[Image-caption web data]
---------------

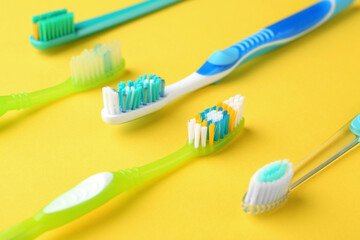 Many different toothbrushes on yellow background, closeup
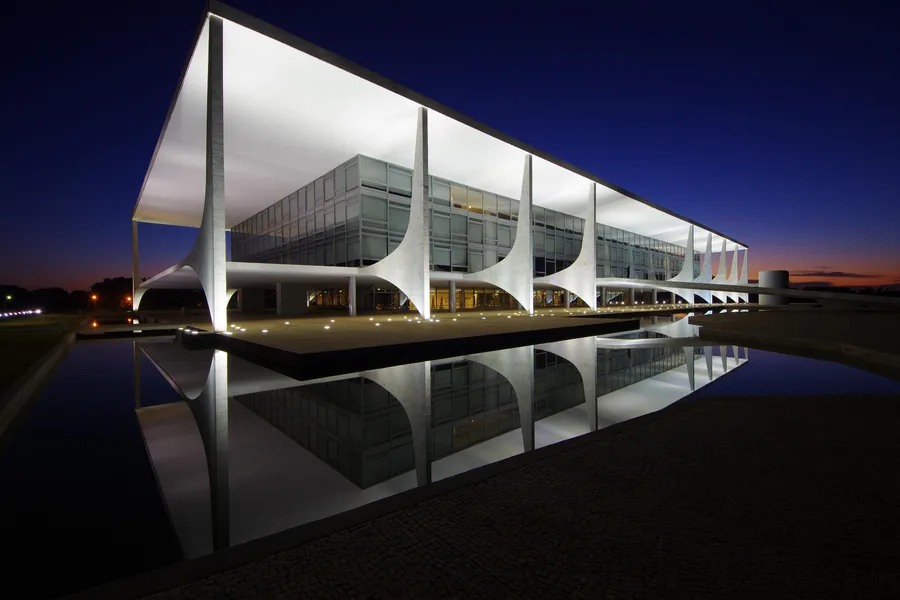 Fachada do Palácio do Planalto ao entardecer: pilares-asa de concreto branco iluminados refletidos no espelho d'água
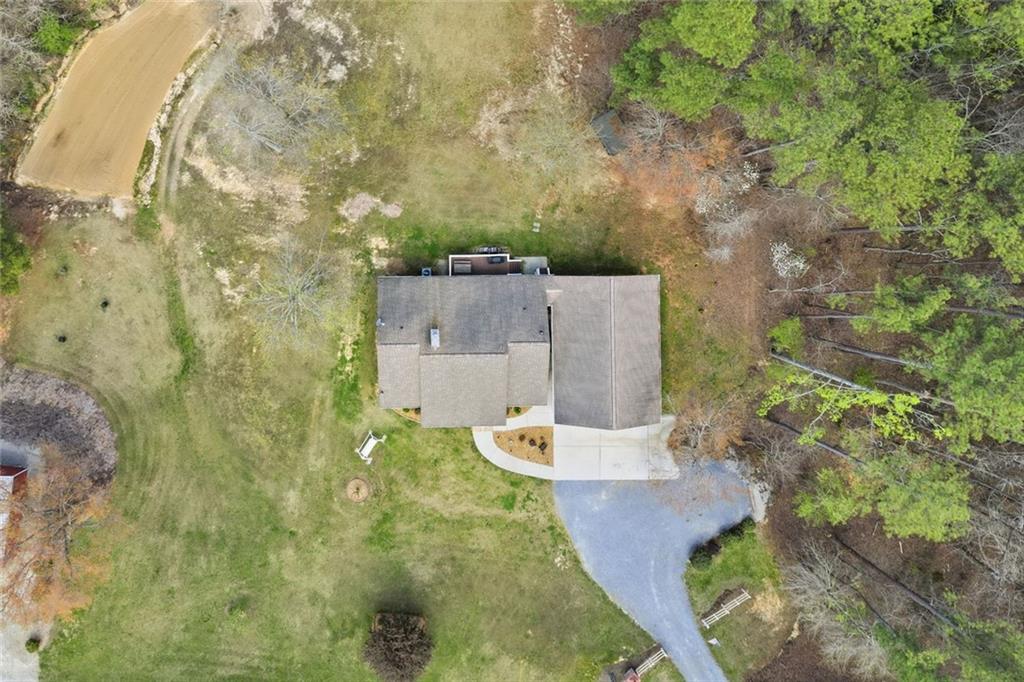 34 Rock Hole Path Dallas, GA 30132 - Photo 40 of 41 an aerial view of a house with a yard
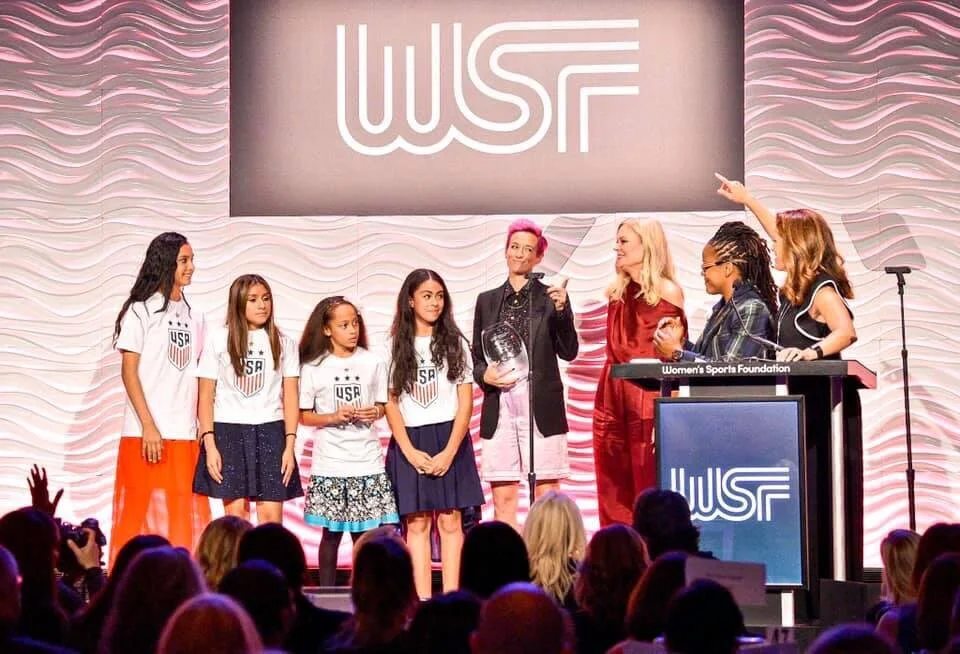 US Women’s National Team honored at Womens Sport Foundation annual awards. SCORES students join Megan Rapinoe.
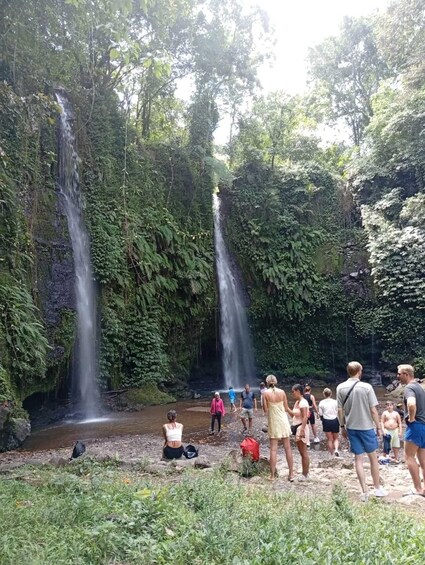 A waterfall surrounded by lush greenery with people walking and sitting around. 1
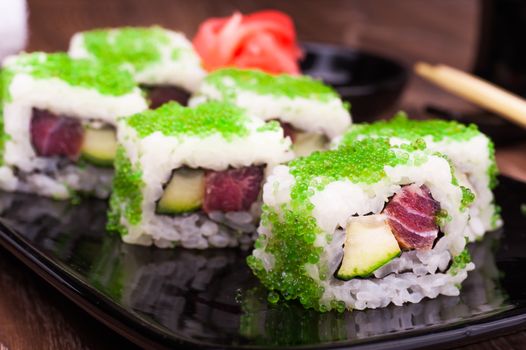 sushi roll set in green caviar with ginger, soy sauce, towel and chopsticks on wooden background 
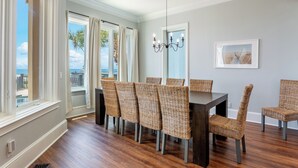 Un coin repas avec une table en bois foncé et des chaises en osier, de grandes fenêtres avec des rideaux et un lustre.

---------------

§ Task prompt
Please output all the records above exactly, leaving out every picture.

§ Response
 Many different toothbrushes on yellow background, closeup
 Fachada do Palácio do Planalto ao entardecer: pilares-asa de concreto branco iluminados refletidos no espelho d'água
 34 Rock Hole Path Dallas, GA 30132 - Photo 40 of 41 an aerial view of a house with a yard
 US Women’s National Team honored at Womens Sport Foundation annual awards. SCORES students join Megan Rapinoe.
 A waterfall surrounded by lush greenery with people walking and sitting around. 1
 sushi roll set in green caviar with ginger, soy sauce, towel and chopsticks on wooden background 
 Un coin repas avec une table en bois foncé et des chaises en osier, de grandes fenêtres avec des rideaux et un lustre.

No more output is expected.